R Markdown

The following lines of code import necessary libraries to execute this code:

Preparation / Imports

install.packages("devtools")
install.packages("flexdashboard")
install.packages("lubridate")
install.packages("dplyr")
install.packages("ggplot2")
devtools::install_github("lionel-/ggstance")
install.packages("ggalt")
library(devtools)
library(flexdashboard)
library(lubridate)
library(dplyr)
library(ggplot2)
library(ggstance)
library(ggalt)

Introduction

For this lab, we took a look at the use of deadly force by police officers in the United States. This analysis is based on the work of Julia Silge’s “data flex-dashboard”.

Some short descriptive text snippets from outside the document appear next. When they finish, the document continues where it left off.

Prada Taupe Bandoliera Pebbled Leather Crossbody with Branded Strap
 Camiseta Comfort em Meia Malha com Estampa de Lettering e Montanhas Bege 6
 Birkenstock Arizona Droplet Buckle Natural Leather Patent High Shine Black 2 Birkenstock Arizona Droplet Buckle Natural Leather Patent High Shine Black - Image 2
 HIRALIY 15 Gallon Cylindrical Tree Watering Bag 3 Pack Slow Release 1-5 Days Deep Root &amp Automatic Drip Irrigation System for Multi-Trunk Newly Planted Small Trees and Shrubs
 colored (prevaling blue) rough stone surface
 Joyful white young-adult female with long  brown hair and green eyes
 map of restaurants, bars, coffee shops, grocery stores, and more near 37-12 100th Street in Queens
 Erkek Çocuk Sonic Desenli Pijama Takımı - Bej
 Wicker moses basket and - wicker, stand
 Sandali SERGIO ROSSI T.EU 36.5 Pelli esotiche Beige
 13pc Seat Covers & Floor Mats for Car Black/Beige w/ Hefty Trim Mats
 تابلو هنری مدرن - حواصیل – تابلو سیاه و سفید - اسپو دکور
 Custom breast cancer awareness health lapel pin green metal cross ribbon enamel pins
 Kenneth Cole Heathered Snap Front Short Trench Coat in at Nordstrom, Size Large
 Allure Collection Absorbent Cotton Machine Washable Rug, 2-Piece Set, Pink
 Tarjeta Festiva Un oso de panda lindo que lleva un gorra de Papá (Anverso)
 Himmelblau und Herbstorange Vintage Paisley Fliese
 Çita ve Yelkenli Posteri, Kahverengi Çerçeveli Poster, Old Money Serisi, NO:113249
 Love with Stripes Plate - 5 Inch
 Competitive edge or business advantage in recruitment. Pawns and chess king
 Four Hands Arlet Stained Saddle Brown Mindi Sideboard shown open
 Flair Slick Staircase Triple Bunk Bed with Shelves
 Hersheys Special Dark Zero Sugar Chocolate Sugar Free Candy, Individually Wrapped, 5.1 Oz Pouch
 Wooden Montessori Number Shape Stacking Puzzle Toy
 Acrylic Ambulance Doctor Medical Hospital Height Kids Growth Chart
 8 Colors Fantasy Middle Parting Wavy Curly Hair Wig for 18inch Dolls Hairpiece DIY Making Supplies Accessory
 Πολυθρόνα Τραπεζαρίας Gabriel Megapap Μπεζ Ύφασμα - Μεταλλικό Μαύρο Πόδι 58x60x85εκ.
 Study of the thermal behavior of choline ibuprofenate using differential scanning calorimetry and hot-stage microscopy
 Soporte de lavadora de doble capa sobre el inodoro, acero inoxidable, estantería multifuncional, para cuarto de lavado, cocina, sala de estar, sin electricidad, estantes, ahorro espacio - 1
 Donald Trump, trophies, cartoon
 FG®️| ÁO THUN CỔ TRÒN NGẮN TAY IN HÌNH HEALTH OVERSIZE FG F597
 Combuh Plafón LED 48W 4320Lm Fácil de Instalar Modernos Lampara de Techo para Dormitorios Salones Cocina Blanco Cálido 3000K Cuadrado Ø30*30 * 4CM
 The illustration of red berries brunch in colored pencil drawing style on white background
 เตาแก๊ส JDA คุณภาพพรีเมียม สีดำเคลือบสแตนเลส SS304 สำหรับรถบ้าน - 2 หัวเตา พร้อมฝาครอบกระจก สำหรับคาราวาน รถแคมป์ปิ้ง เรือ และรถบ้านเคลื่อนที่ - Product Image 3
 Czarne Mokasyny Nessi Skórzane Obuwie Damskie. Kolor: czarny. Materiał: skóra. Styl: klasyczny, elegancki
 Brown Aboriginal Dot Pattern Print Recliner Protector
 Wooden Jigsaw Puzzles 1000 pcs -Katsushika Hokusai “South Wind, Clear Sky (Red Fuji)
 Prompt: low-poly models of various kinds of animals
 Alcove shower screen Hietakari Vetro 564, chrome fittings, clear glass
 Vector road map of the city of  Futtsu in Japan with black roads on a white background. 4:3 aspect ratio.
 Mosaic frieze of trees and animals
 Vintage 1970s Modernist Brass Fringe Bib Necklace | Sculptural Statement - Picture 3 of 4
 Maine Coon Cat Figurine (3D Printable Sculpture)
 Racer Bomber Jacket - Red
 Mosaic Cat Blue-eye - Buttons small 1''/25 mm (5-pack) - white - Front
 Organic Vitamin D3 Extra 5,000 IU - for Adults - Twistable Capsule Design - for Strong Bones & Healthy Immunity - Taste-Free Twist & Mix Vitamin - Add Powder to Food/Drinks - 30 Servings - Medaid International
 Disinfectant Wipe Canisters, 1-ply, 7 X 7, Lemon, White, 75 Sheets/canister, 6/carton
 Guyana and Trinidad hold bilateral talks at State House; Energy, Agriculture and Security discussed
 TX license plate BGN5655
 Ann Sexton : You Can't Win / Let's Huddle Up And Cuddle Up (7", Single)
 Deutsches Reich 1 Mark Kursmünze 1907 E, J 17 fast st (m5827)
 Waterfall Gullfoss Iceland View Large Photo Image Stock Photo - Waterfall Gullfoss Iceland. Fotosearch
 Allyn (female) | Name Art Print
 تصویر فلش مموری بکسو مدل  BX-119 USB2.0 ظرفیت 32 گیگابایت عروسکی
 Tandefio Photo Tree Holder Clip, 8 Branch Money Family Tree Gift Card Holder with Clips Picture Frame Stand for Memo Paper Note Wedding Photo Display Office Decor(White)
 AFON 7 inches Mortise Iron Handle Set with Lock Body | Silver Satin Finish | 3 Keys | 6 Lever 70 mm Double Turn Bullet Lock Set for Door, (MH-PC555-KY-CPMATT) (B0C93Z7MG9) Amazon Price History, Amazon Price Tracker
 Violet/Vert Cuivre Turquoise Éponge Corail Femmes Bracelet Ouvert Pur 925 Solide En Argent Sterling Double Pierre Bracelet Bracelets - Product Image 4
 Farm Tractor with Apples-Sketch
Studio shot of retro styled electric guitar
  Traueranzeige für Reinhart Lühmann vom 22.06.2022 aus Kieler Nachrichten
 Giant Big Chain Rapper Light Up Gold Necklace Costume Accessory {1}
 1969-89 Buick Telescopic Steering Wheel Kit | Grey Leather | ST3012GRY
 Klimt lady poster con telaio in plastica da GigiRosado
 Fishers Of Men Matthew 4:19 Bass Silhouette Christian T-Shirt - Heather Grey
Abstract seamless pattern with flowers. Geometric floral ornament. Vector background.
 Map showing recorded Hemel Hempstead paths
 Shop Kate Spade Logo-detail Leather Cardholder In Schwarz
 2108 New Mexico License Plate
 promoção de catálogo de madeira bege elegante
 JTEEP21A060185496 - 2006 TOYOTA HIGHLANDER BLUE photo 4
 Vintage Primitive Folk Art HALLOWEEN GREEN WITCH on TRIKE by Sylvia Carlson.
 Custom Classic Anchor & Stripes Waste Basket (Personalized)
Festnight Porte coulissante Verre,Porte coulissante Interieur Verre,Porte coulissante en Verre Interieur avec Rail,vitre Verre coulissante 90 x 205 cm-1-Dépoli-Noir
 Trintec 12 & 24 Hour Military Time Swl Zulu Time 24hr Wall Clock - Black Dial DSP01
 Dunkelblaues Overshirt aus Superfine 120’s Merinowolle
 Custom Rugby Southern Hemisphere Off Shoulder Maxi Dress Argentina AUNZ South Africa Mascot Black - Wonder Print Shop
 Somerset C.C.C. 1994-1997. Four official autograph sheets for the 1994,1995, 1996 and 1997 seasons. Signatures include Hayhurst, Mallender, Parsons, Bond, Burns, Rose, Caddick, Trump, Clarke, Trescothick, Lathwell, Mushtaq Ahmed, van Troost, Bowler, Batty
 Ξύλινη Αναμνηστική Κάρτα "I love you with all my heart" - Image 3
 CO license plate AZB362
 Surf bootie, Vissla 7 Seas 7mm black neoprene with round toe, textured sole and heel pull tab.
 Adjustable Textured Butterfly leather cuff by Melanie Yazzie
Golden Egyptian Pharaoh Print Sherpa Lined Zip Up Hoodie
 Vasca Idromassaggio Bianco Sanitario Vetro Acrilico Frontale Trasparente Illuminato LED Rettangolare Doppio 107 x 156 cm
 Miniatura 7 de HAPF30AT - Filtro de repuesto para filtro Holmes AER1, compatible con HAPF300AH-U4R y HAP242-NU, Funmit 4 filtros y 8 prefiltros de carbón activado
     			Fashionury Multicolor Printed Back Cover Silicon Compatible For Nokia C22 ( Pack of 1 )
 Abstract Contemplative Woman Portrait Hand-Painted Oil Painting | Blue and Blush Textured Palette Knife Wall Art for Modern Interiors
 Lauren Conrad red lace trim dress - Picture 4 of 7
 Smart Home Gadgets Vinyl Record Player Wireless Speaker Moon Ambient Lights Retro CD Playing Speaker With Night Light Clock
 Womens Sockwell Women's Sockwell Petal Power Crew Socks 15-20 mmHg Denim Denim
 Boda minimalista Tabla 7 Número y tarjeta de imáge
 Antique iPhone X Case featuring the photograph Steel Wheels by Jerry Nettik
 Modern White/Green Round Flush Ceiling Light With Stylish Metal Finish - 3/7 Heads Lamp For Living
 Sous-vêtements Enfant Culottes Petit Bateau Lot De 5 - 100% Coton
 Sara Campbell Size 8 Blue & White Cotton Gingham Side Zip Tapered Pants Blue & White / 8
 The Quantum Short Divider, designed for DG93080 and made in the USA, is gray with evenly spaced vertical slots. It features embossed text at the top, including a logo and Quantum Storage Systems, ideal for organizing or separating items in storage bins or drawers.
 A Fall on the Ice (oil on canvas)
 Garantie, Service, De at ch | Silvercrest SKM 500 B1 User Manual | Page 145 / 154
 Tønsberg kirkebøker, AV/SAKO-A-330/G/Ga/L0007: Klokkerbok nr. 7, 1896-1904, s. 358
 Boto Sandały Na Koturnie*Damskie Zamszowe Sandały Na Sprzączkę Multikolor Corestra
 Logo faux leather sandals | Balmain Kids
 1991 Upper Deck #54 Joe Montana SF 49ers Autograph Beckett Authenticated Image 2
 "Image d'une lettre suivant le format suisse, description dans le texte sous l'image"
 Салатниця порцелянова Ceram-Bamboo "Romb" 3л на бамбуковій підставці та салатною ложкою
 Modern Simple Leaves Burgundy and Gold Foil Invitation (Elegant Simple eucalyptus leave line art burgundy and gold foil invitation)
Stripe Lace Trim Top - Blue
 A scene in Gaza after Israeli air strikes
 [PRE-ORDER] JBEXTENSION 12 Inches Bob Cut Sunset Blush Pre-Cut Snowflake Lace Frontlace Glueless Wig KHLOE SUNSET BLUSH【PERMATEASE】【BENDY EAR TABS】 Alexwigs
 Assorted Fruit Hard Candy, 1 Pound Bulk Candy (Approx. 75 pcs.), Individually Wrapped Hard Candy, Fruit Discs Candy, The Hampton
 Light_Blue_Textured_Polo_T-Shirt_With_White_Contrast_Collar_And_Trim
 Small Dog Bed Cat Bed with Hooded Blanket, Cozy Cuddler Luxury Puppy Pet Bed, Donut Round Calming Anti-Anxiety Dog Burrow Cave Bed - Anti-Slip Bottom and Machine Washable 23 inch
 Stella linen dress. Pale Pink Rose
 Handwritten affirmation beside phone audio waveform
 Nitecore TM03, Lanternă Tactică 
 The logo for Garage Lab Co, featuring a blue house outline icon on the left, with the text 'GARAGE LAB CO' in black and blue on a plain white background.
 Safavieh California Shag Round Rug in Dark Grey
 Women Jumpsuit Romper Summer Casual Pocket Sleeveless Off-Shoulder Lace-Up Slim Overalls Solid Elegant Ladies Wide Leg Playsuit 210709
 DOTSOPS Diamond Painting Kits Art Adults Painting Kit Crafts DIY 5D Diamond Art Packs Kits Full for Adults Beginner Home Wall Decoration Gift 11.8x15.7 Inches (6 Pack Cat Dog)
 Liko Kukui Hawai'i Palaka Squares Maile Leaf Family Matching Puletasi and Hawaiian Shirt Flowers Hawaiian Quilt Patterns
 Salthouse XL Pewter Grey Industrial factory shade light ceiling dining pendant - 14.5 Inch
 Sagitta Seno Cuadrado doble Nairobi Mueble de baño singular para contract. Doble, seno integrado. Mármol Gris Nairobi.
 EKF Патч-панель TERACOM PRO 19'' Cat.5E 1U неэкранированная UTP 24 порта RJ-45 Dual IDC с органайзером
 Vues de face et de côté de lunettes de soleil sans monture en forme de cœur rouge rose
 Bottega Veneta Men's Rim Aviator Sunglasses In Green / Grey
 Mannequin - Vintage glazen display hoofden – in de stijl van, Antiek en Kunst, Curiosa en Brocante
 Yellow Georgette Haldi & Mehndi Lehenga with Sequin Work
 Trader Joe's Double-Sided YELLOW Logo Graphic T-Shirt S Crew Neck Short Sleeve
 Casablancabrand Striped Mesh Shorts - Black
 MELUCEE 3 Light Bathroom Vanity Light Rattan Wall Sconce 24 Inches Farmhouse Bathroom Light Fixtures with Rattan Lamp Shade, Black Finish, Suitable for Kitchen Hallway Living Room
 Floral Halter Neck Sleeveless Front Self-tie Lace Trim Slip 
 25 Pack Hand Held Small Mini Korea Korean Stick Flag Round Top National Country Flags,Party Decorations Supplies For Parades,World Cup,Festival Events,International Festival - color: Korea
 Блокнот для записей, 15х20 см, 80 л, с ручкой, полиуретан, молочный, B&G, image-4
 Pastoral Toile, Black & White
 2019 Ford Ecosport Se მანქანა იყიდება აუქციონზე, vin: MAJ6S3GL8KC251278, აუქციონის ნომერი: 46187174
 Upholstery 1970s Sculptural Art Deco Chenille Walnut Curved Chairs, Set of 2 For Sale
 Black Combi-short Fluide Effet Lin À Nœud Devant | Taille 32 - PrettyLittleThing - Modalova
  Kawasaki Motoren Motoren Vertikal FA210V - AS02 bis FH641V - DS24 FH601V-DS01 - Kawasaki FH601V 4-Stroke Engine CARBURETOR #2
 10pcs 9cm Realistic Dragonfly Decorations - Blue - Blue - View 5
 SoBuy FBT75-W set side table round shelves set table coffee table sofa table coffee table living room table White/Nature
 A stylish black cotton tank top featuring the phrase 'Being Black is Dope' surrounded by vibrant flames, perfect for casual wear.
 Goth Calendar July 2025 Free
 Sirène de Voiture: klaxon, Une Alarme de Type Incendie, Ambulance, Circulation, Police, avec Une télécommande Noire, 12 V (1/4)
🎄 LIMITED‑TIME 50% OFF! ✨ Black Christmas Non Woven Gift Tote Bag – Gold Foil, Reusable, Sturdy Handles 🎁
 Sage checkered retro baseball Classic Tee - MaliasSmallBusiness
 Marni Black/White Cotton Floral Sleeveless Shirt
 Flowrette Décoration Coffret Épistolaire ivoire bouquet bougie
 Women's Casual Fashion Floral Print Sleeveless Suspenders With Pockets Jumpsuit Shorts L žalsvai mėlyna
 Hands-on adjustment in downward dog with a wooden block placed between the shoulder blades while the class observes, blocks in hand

The data we imported is a compilation of every fatal shooting in the United States by a police officer in the line of duty from a database organized by the Washington Post since Jan. 1, 2015.

Since 2015, The Washington Post has recorded dozens of details about each killing:

In 2016, The Washington post went to gather additional information about each fatal shooting that occurred during this year. There were reports, websites, and social media that have been constantly monitoring independent databases about fatal police shootings. More than a dozen additional details were collected about the officers and victims in each individual shooting. As of right now, there is a continuous live web tracking service that records the number of Fatal Police Shootings in 2016.

In this lab assignment, we want to look at the data set to make an in-depth analysis on the different demographic, date, location, and circumstances of death within Fatal Police Shootings Data.

Analysis

We imported the data set obtained from the Washington Post police shootings database. Then, we clean up the code by changing dates, genders, races, and manners of death to an understandable format.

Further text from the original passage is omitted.